Chitosan is used extensively in the clinic due to its biocompatibility and biodegradability, as well as its lack of immunoreactivity against cellular degradation products in vivo as compared to synthetic polymers [47]. It has been reported that cell–substrate interactions affect cell aggregate formation in culture, where the strength of cell–substrate adhesion directly affects cell morphology and direction of growth [48]. In our earlier studies, we developed a simple and green method utilizing substrates derived from butterfly wings with natural anisotropic microstructures. NIH-3T3 fibroblast cultured on these substrates showed a high degree of alignment along the direction of the grooves/ridges [45]. Here, we suggest that the chitin-based scaffolds naturally derived from butterfly wings may also have an impact on cell culture of the hepatoma HepG2 cells. We, thus, have established cell cultures on the chitin-based scaffolds naturally derived from butterfly wings and studied its impact on the growth of the hepatoma HepG2 cell line and formation of hepatocyte aggregates (Figure 1). Furthermore, we checked the liver-specific functions presented by testing the levels of albumin and urea secretion over 21 days.

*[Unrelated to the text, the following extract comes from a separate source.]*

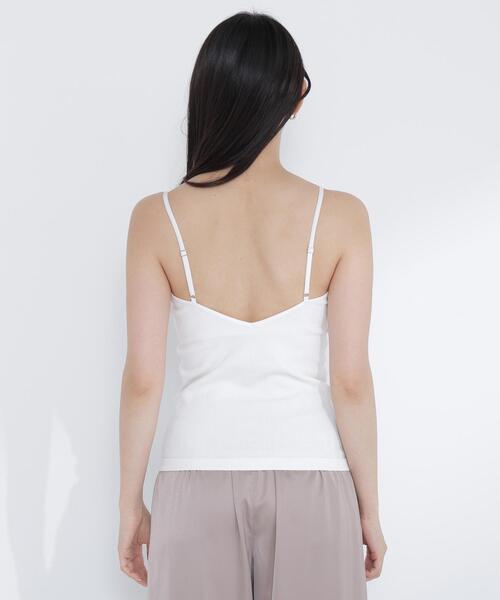 NATURAL BEAUTY BASIC（ナチュラルビューティーベーシック）の「◇カップ付インナーシリーズ バックシャンキャミソール（キャミソール・レディース・オフホワイト/ブラック・FREE）」の20枚目の写真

Butterfly wings from the three species that were used in this study are characterized by distinct and different microstructures. Briefly, the Morpho wing structure is made up of multilayer ridges, whereas that of O. c. lydius is made up of vertical ridges, while P. u. telegonus wings are composed of two distinct microstructures. These distinct microstructures allow the transportation of light that moves through the photonic microstructure units composing the structural colors on the surface of the wings, beside the absorption of light by chemical chromophores that compose the coloring pigments [49]. Both structural colors and pigments provide the bright colors of these butterflies. The broad, flat scales that composed the M. menelaus wings (Figure 2a) has an anisotropic structure because of its microstructure on the surface made up of periodically ordered ribs and ridges, as shown in Figure 2b–d. The wings of the P. u. telegonus butterfly, which belongs to the Papilio genus, has two significantly distinct area: the blue area are groove/ridge structures that are similar to the anisotropic structures of the M. menelaus wings, while the black areas on the wings are composed of fibers (Figure 2e). The blue area composed of concaves and present ribbed ridges that appear to be smaller than those of M. menelaus wings. High magnification SEM images shows the details of the concaves in between the ridges (Figure 2f,g). The fibrous area is constructed of another photonic microstructure in the form of a nanofiber structure composed of rods formed by parallel fibers that consist of panes and ridges (Figure 2h,i). The wings of O. c. lydius, which belongs to the Ornithoptera genus, consist of yellow and black colors (Figure 2j). The yellow area’ microstructure also consists of parallel ridges, while the spaces between the ridges appear more “filled in” compared to M. menelaus wings (Figure 2k–m). These four anisotropic microstructures with their grooves/ridges and fibrous structure have been used in this study as a substrate for the in vitro HepG2 cell culture.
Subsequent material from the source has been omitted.